Ripjar Labyrinth Threat Investigations (LTI) - AWS Security Lake Integration Guide

Overview
Integration guide
- 1. Setup Cross-Account Searching
  - 1.1 Configure IAM Roles
  - 1.2 Example Policies
- 2. Setup Labyrinth Threat Investigations (LTI)
  - 2.1 Search App Configuration
  - 2.2 Adding New Security Lake Sources
Support / Troubleshooting

Overview

What is Labyrinth Threat Investigations (LTI)

Labyrinth for Threat Investigations (LTI) is a Ripjar managed SaaS solution that provides a comprehensive enterprise-wide approach to threat exploration at scale. It is based on data fusion, with fine-grained security, extensible workflows and sophisticated reporting. Augment your analysts with LTI’s Security Lake integration including native Open Cybersecurity Schema Framework (OCSF) support. With LTI, analysts can assess data from various sources, investigate and manage risk across your environments, enriching your investigations with external data sources using Ripjar's Robotic Process Automation (RPA) workflows and AI-based analytics.

Potential use cases:

Threat Investigations - Empower analysts to leverage automation to quickly expose the impact of malicious activity by building connections across local and remote data sources and derived knowledge stores.
Threat Hunting - Proactively Explore and Discover early indications of threat actors preparing to compromise network or corporate security, sharing intelligence with colleagues and partners.
Incident Response - Respond to cyber and physical threats in real-time utilising a single view of risk and intelligence to understand potential impact.
Knowledge Management - Annotate findings from investigations directly on top of fused data sources with full lineage back to underlying data. Analysts collate a functional knowledge layer to support smarter decisions and investigations.

Key features of LTI:

Investigations UI: An analytical canvas for curating, fusing and interrogating unstructured and structured data. This enables entity-centric analysis through network, geospatial, timeline and other visualisations and filters.
RPA Workflows: Configurable and extensible RPA workflows where users can low-code a sequence of processing for a range of use cases including data integration, rendering custom interfaces and running APIs and natural language processing (NLP) tasks.
Glue Data On-Boarding Wizard: Built using an RPA workflow, the wizard enables rapid on-boarding of new data sources.
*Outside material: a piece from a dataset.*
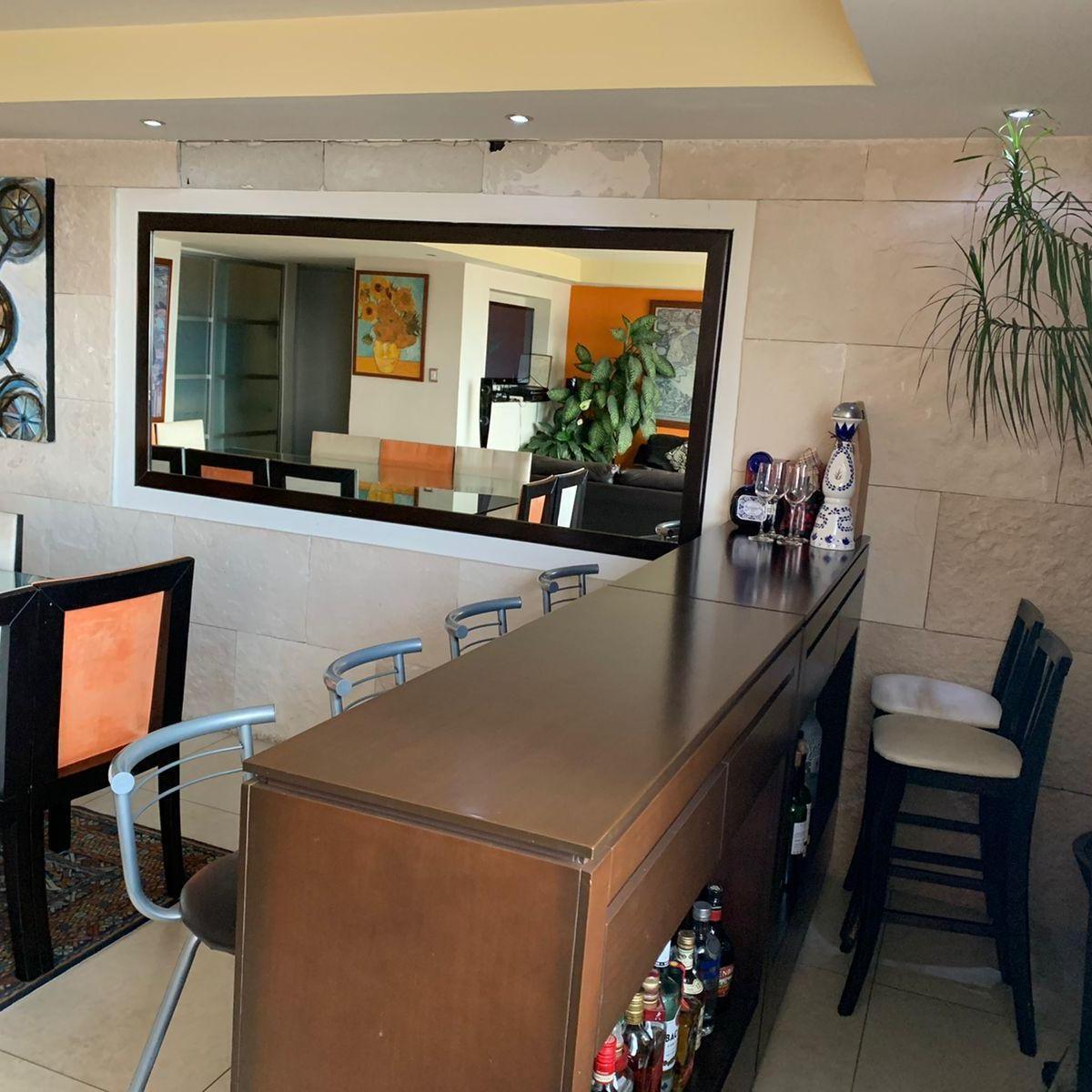 departamento en venta en bosques de la herradura.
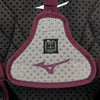 Mizuno Samurai Baseball Chest Protector 15"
Analysts input the Glue table target, edit schema transformations if required and the data-source is automatically added to the Search App.
Knowledge: A graph-type store of versioned entities and relationships that can be published to and pulled from. This enables analysts to enrich their investigations with data curated by others across the Enterprise.
Insights: Analysts can write versioned intelligence reports with live data and visualisations. Insights can be securely shared with document, section / tear lines, and data object level security to restrict content to appropriate readers.
Explorer: A UI which provides analysts with the ability to understand, filter and aggregate data-sets through several views.
Entity Importer: Entities can be extracted by analysts manually, or automatically through NLP, and imported into the Investigation as nodes. This allows for more rapid searching and navigating through specific data points relevant to the domain.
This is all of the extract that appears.